PROMPT: Transcribe only the lines in the data below falling between the line with "Детские умные смарт" and the line with "Us Army Veteran", including those two lines, and leave out any picture.

EXERCISE DATA:
== Segment start ==
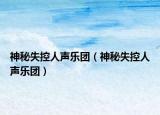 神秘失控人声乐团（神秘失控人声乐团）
== Segment end ==
== Segment start ==
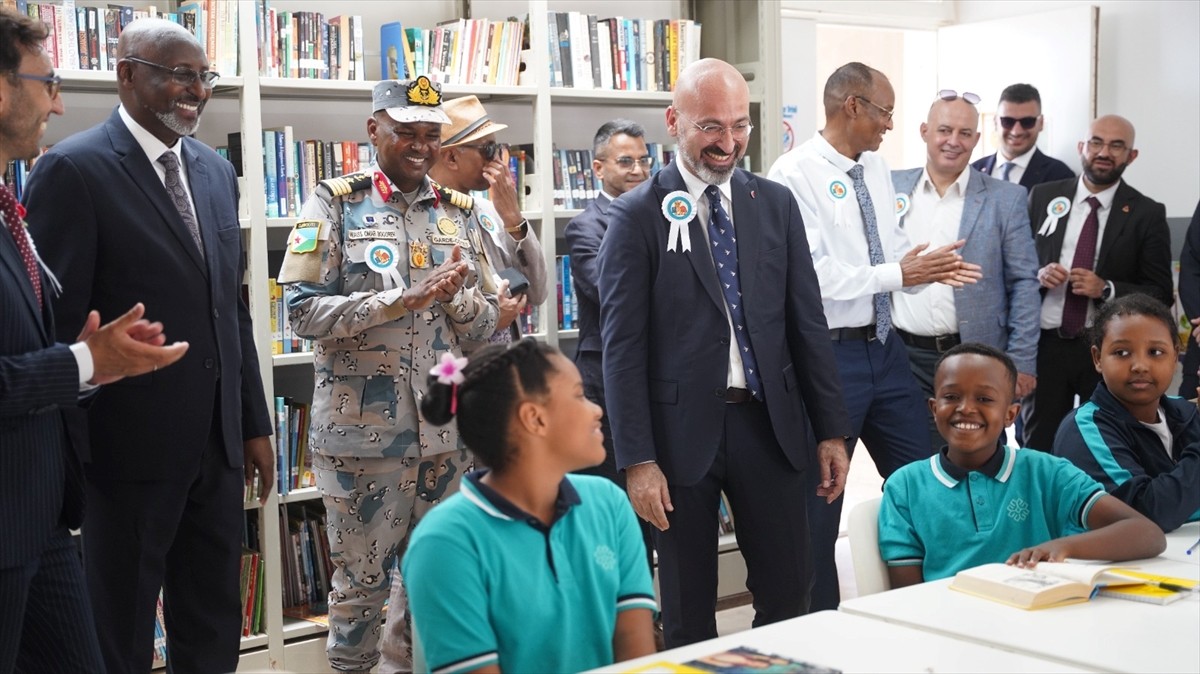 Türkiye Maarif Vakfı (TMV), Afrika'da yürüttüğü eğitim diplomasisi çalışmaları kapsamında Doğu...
== Segment end ==
== Segment start ==
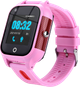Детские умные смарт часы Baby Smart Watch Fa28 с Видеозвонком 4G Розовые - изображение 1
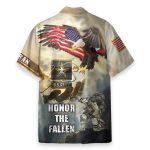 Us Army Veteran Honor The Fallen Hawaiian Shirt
== Segment end ==
ANSWER FOR THE TASK:
Детские умные смарт часы Baby Smart Watch Fa28 с Видеозвонком 4G Розовые - изображение 1
 Us Army Veteran Honor The Fallen Hawaiian Shirt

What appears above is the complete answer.